La prensa de doble rasero
George Floyd obtuvo justicia. Su asesino, Derek Chauvin, está en la cárcel. No nos engañemos: el caso obtuvo una visibilidad global y poco común –suscitó un enorme movimiento de reivindicación antirracista – , pero eso no necesariamente producirá cambios estructurales. Las cifras indican que entre la fecha del asesinato de Floyd y el 20 de abril pasado, 181 afroamericanos murieron a manos de policías en Estados Unidos.

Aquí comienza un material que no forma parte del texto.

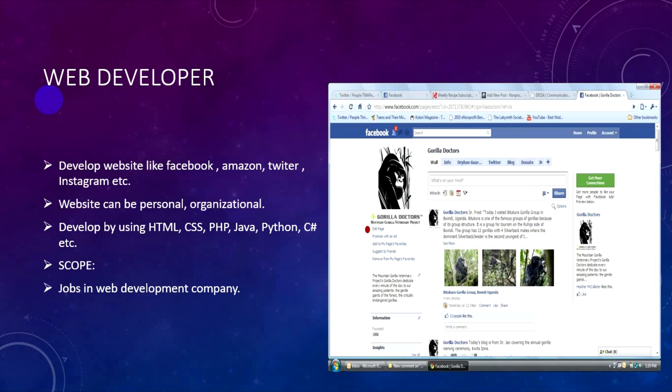As a web developer, you can build a career in computer and information technology. Web development includes front-end development using HTML and CSS, where you develop the visual appearance of a website.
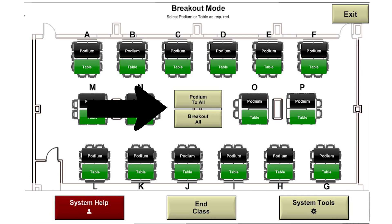There are also two buttons in the center of the screen. Podium to all will route all displays to what is on the podium computer. Breakout all will route all displays to the individual tables to be connected by the students.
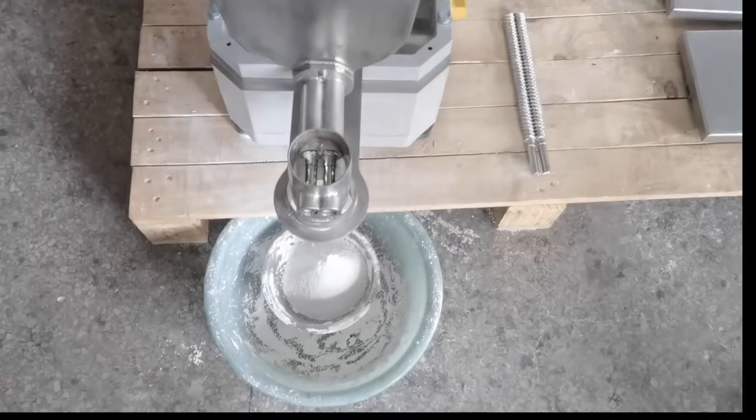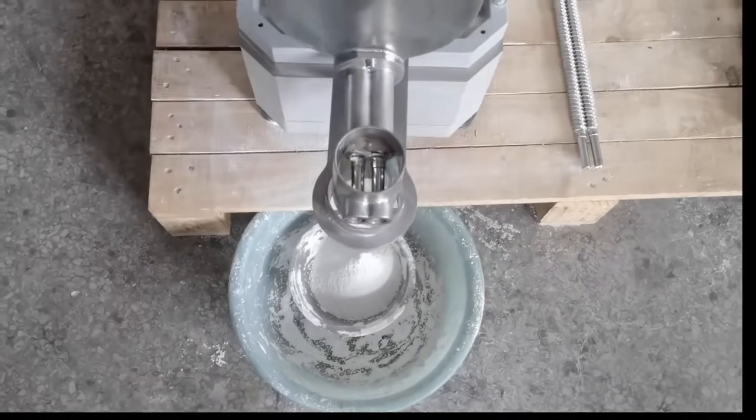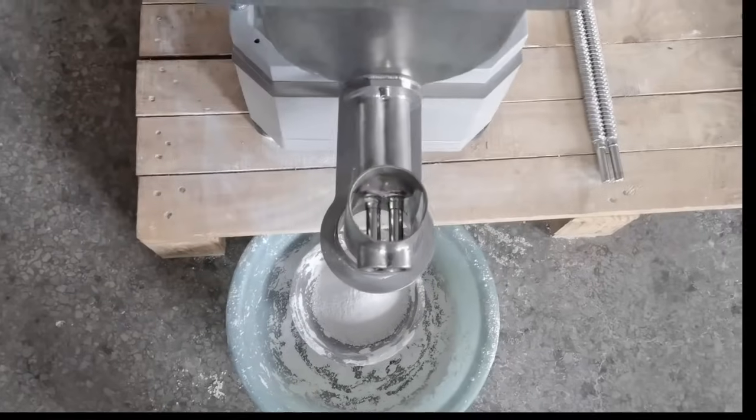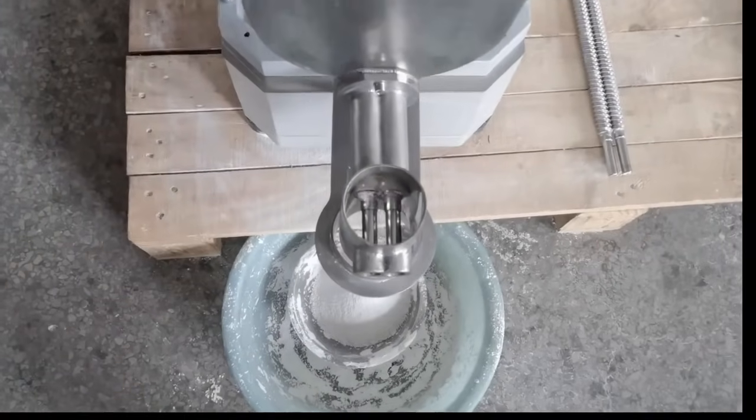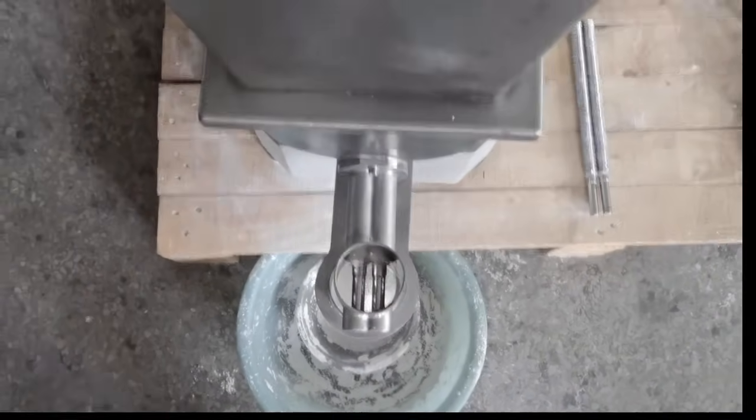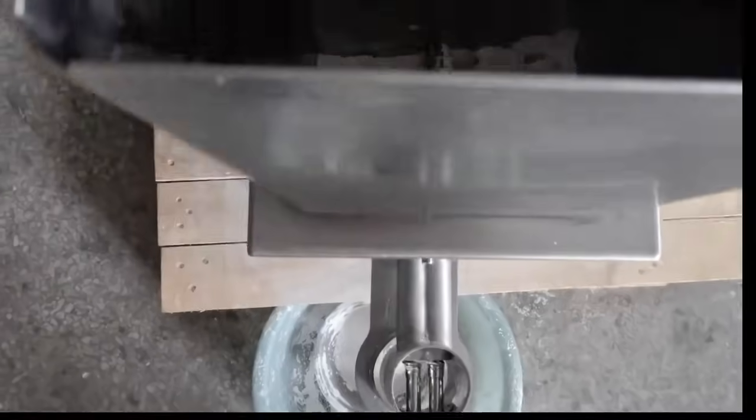Now we will show you the first feeder, pin screw feeder running. The material is calcium carbonate, it's powder.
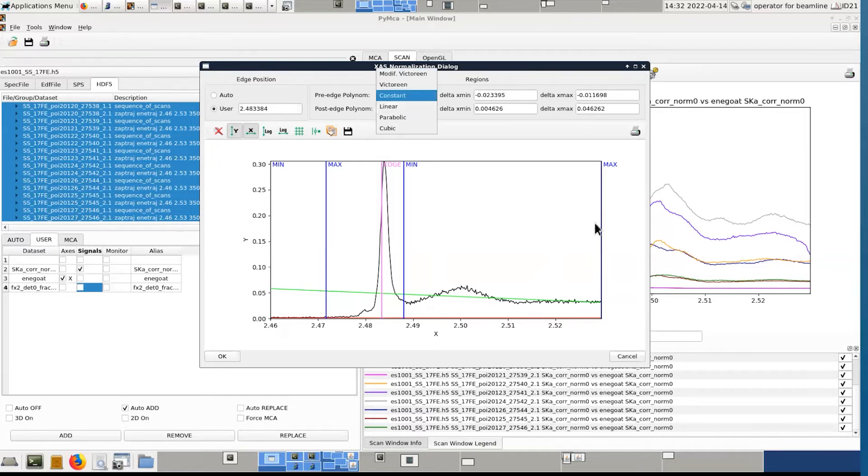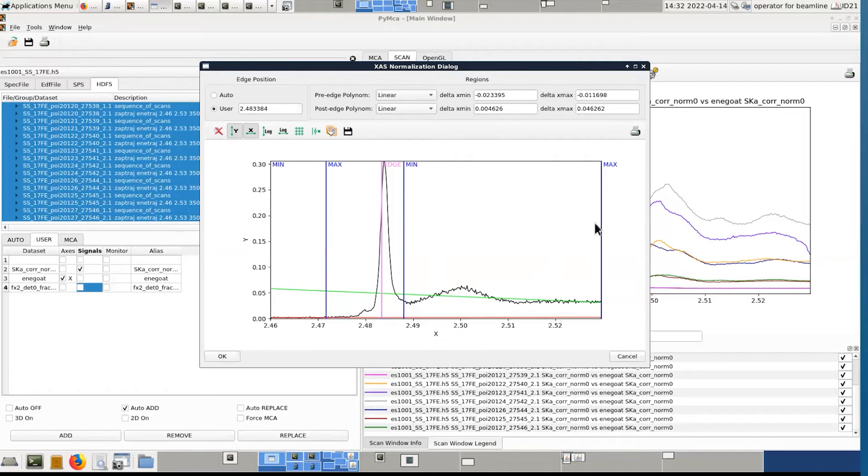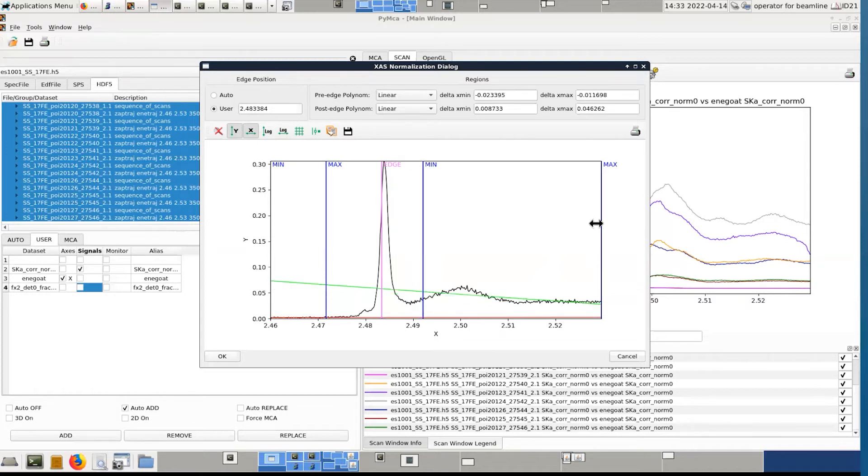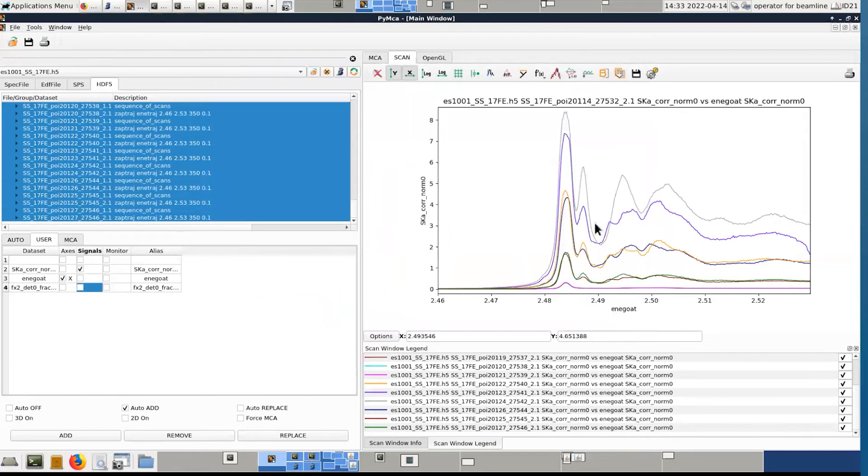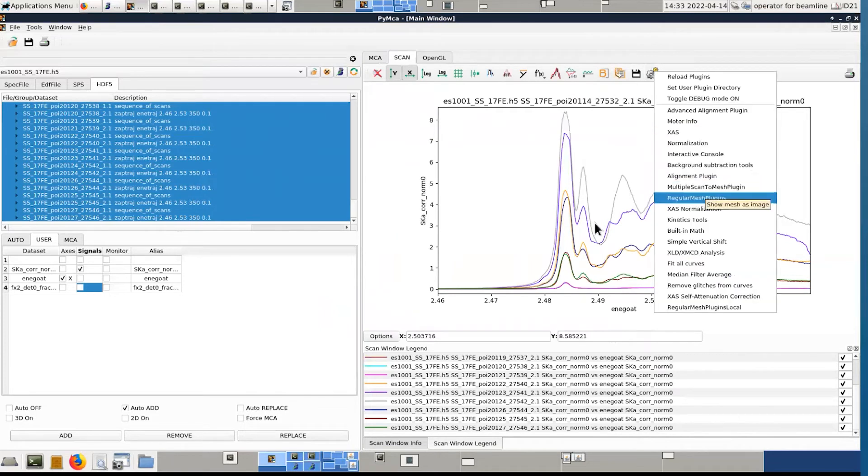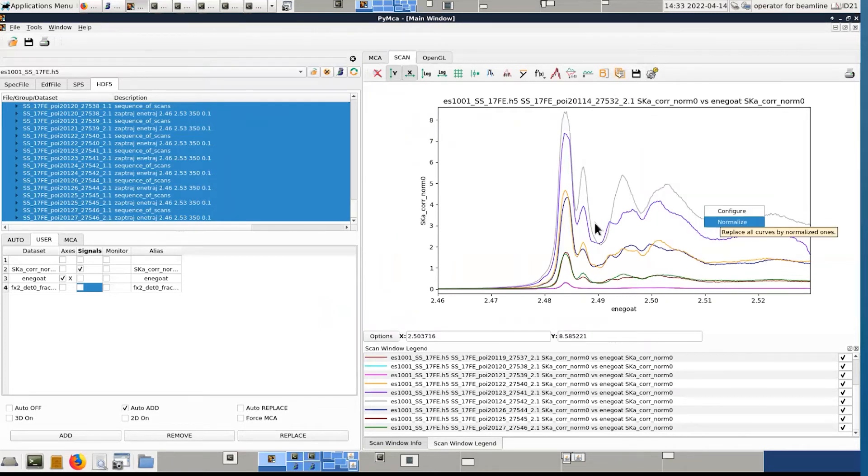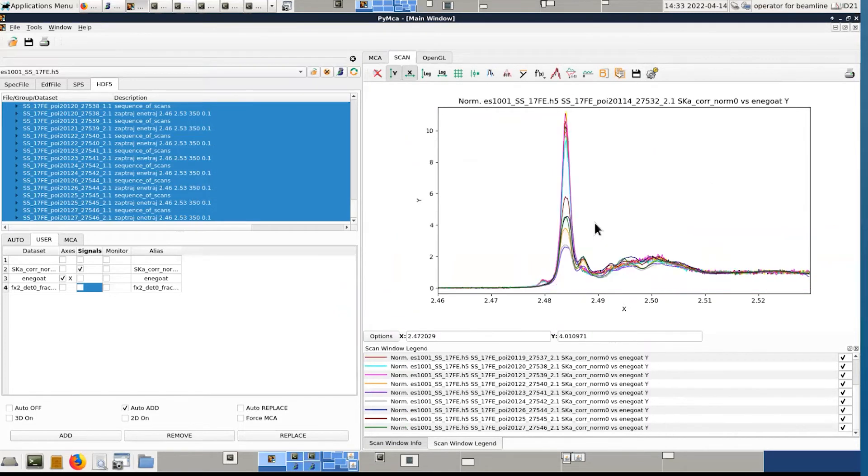If you want the edge position to be automatically or mathematically determined or if this is something you fix manually. And then the pre-edge polynomial function and the post-edge polynomial function. So for example, we could try with linear and linear. And then I can adjust. So here the pre-edge will be calculated in this region and the post-edge. And we can do something like this in this region. And once the configuration is defined, you can launch it and it will be applied to all the spectra.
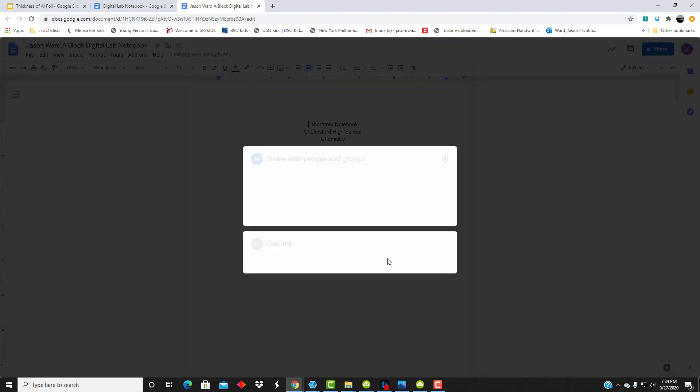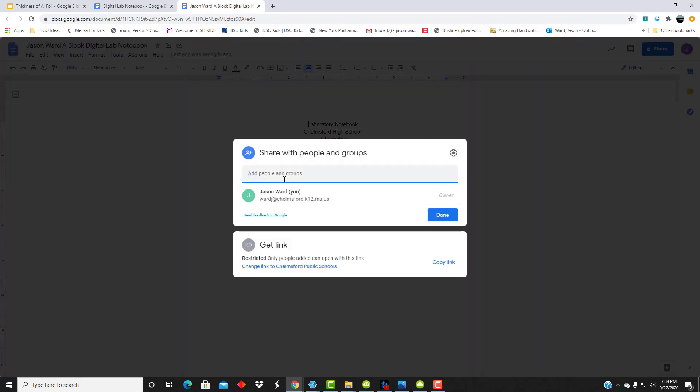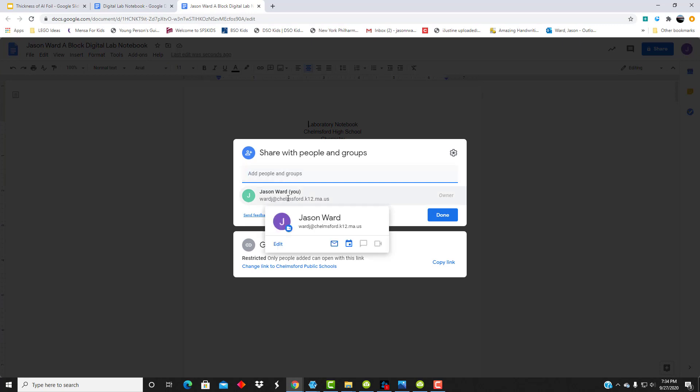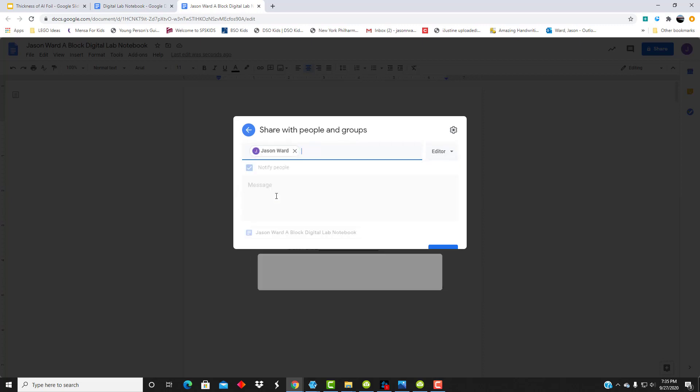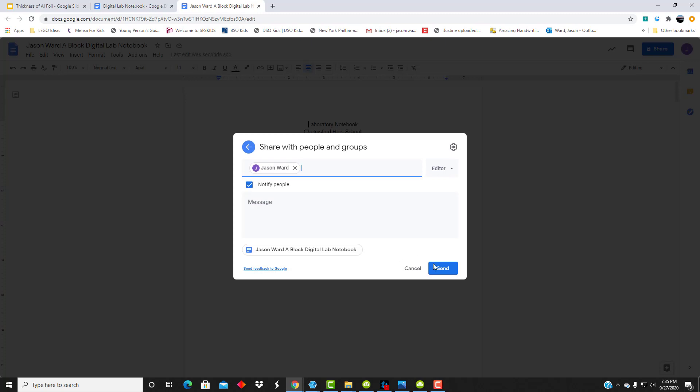Click on the share button, and then you're going to type in my email address, which you can see here. So there's my email address, and then you can just hit send.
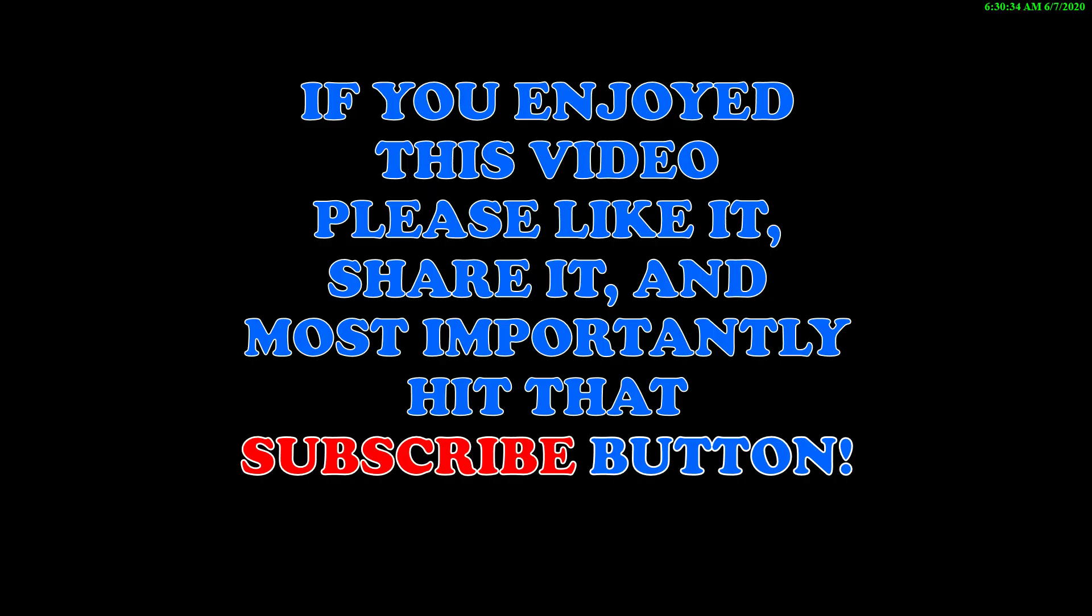If you enjoyed this video, please like it, share it, and most importantly, hit that subscribe button. Thanks for watching.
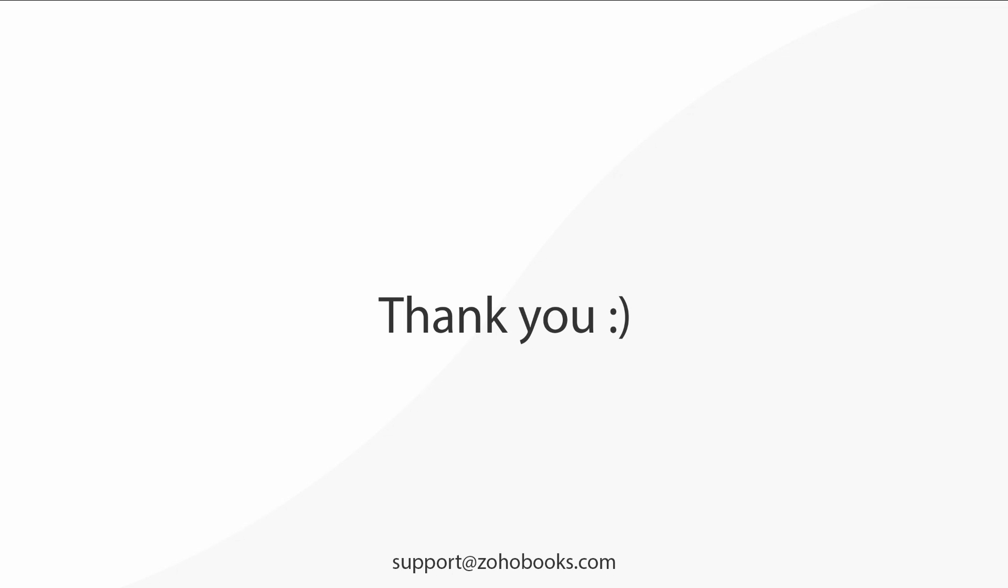Thank you for watching this video. You can always reach out to us at support@zohobooks.com for any further assistance.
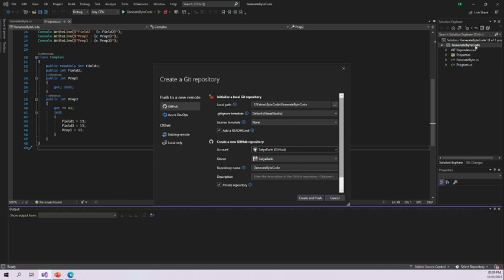The next field is the repository name. By default it has generated the project name — 'GenerateBytecode' — which is my project name. You can change it if you want. I'm keeping it as 'sample-generate-bytecode.' This is a sample project that generates bytecode from a string or integer input. Next, we can give a description of the repository — I'll write: 'This is a sample demo project to generate bytecode.'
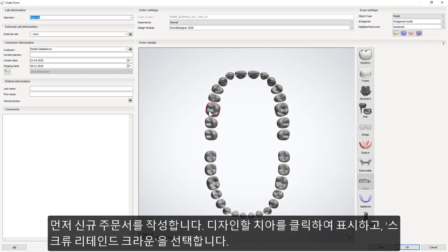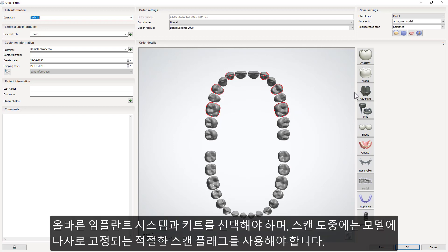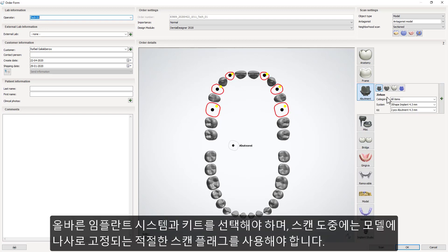Start with creating a new order. Mark the teeth you're going to work on and select Screw Retained Crown. Select your material of choice — in our case, we're choosing Zirconia. Remember to choose the right type of implant system and kit.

No hay cambio posible con una prensa corporativa ocultando los abusos de los gobiernos alineados con el orden internacional y resaltando los crímenes de sus enemigos (supuestos y reales), fingiendo que son exclusivos de esos regímenes.
La propaganda funciona así: al informe objetivo de atrocidades como la sucedida recientemente en Brasil –que podemos leer en los diarios de la prensa corporativa– no se suma un correlato editorial, un balance opinado de los hechos y su significancia, con los juicios de valor correspondientes, como sí se hace (y de manera exagerada) al tratar el crimen del enemigo político. El resultado es un relato o narrativa mediática que explica la realidad mundial y latinoamericana de una manera flagrantemente sesgada, pues aquello sobre lo que no se editorializa no suele integrar dicha narrativa, dicha forma de entender la realidad. Al hablar de Venezuela y cualquier crimen del régimen chavista, por ejemplo, se le diferencia radicalmente del resto de Latinoamérica, a pesar de casos grotescos de terrorismo estatal y crímenes graves, como los falsos positivos colombianos. De eso no se sacan lecciones ni se solicitan intervenciones. El Grupo de Lima calla y la OEA disculpa.
Hace un par de semanas, la BBC entrevistó al conocido economista norteamericano Jeffrey Sachs con respecto al cambio climático y a la colaboración entre China y Estados Unidos, indispensable para resolverlo. Ante el planteamiento abiertamente sesgado de la entrevistadora británica, según el cual los americanos debían “cuidarse de relacionarse con la potencia asiática sin encararla por sus violaciones de derechos humanos”, Sachs aclaró enérgicamente que la forma de enmarcar el asunto era decididamente engañosa.
El economista indicó que Estados Unidos comete enormes violaciones de los derechos humanos, invadiendo países y matando a sus ciudadanos bajo falsas premisas, además de encarcelar a cientos de miles de estadounidenses afroamericanos sirviéndose de un régimen carcelario racista, digno de las peores autocracias. La BBC no tomaba en cuenta esos “detalles”.
La prensa tradicional está atrapada en ese libreto, en esa hipocresía destructiva y enormemente contraproducente. No saldrá de ahí por cuenta propia: debemos hacernos conscientes del lastre que representa y combatir su propaganda, pues la mayoría, desgraciadamente, aún construye su visión del mundo a partir de los medios masivos tradicionales.